Officials ask GPs for unnecessary medical certificates: “A spinal cord injury will not pass”

General practitioners complained to the city council this week about the mountain of requests for medical certificates on their desks. Amsterdammers who want or want to extend a certain permit are sent by civil servants to their GP for such a statement. But according to the GPs, this is often not necessary at all and they do not even consider it.

Have yourself re-inspected every two years because you are still dependent on an informal carer and his or her parking permit. A safety rail in the shower, a mobility scooter or a declaration of urgency for a social rental home.

Daphne Tabak, general practitioner in the Tweede Oosterparkstraat and ambassador of the National Association of General Practitioners in Amsterdam, has a pile of examples from colleagues on her desk. She spoke to the city council this week to draw attention to the unnecessary red tape in times when GPs are already overworked.
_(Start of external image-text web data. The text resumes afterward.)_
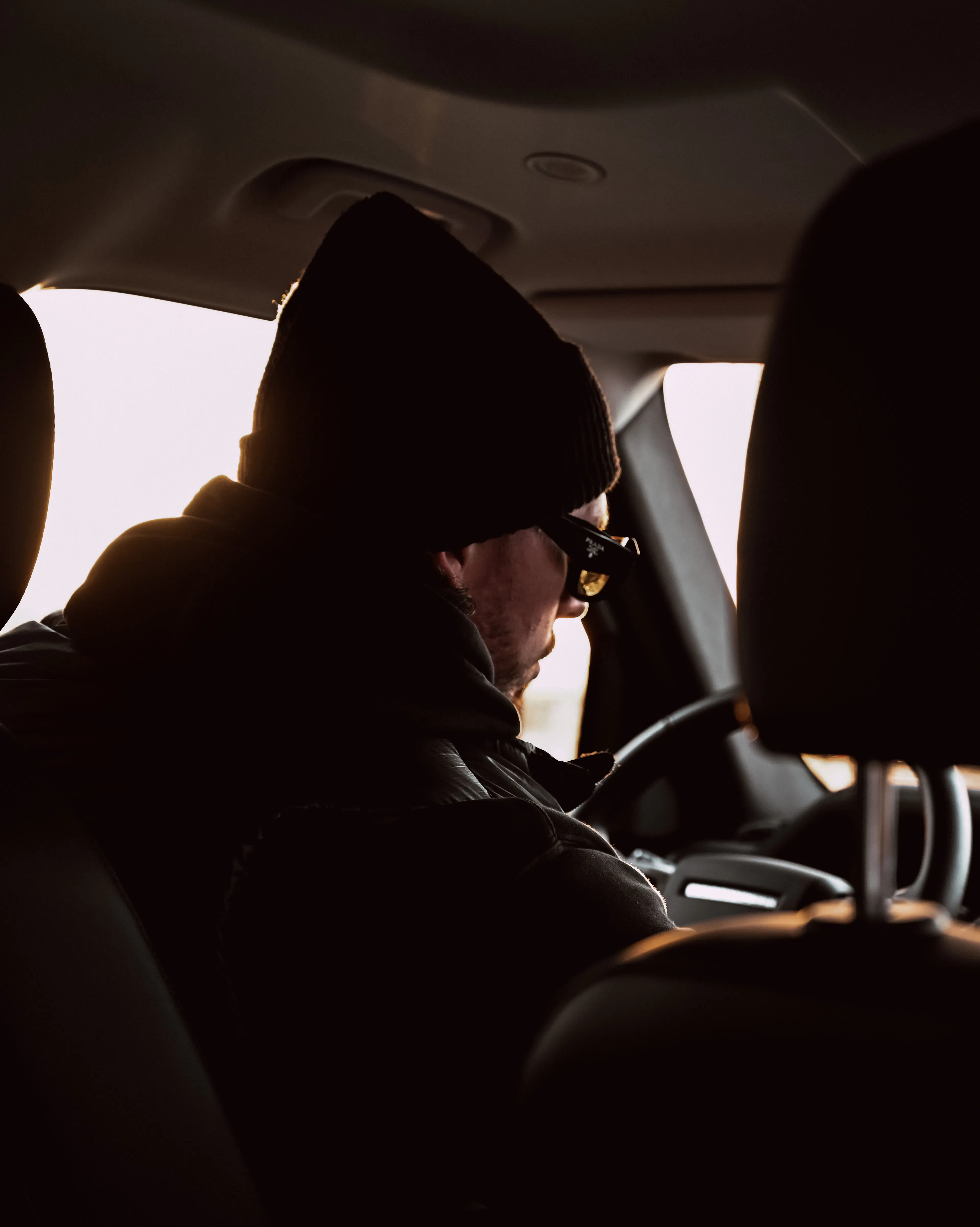 Driver winter jacket interior
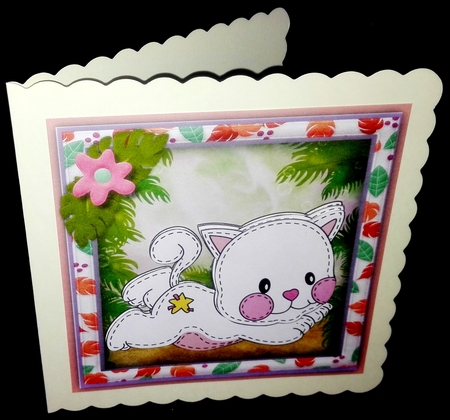 Little Patchwork Kitty by Diane  Hitchcox
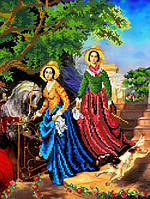 Схема для вышивки бисером на атласе "Две сестры" Репродукция картины К. Брюллова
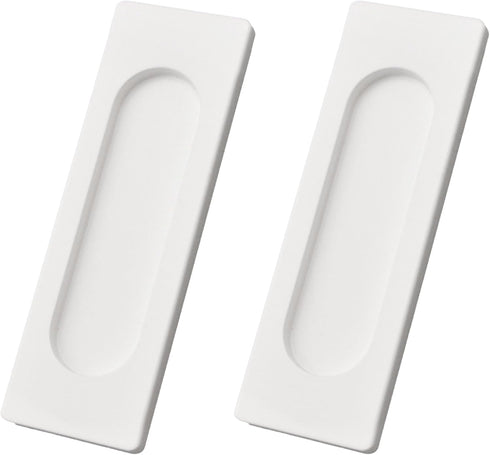 Self-Stick Rectangular Sliding Door Pulls, 2pcs Aluminum Alloy Hidden Recessed Pull Handle for Barn Door, Closet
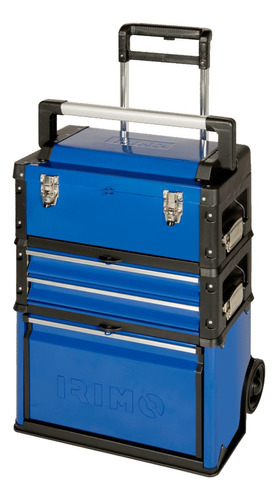 Caja de herramientas Irimo 9021FTW520 de metal con ruedas 320mm x 520mm x 720mm azul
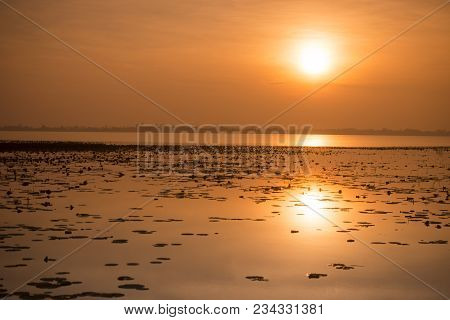 Thailand Buriram Lake Hua Talat Reservoir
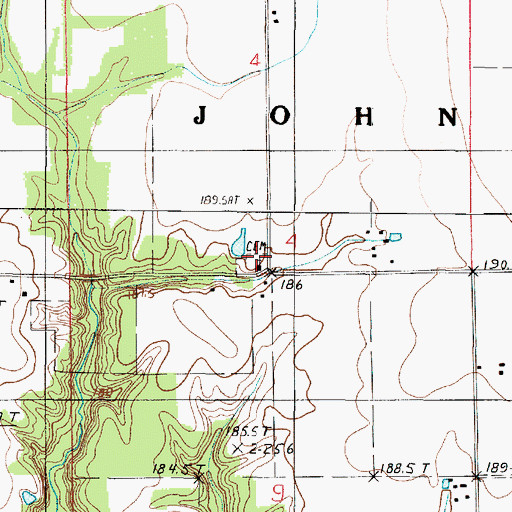 Topographic Map of Mount Church, IL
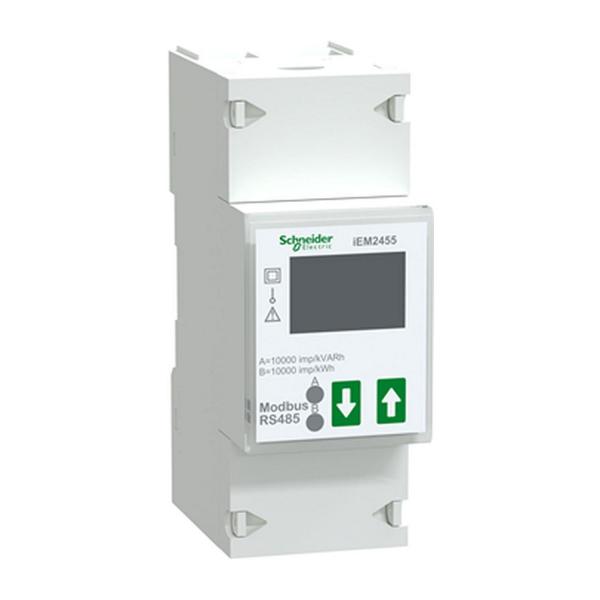 Монофазен електромер Schneider Electric Acti 9 iEM2455 – 100 A, Modbus, 2 тарифи, MID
Tabak: “If you have a spinal cord injury, those are things that will not go away. So the wheelchair-bound patient will remain wheelchair-bound and will continue to need caregivers from now until the distant future – and those caregivers will also continue to need a parking permit.”

In addition, something goes wrong in the communication between the citizen and the municipality, the GPs note, because nine times out of ten it is not the personal GP who has to make such an assessment, but an independent third doctor.

“That’s actually to keep the doctor/patient relationship good, that you don’t make any statements about what someone can or can’t do. For this purpose, company doctors and insurance doctors can request information from the GP,” Tabak explains.

Responsible alderman Alexander Scholtes (Health care, D66) shows sensitivity to the argument of the GPs. “I want to talk to them further and spread this message widely within the municipality to see what we can do about this,” says Scholtes.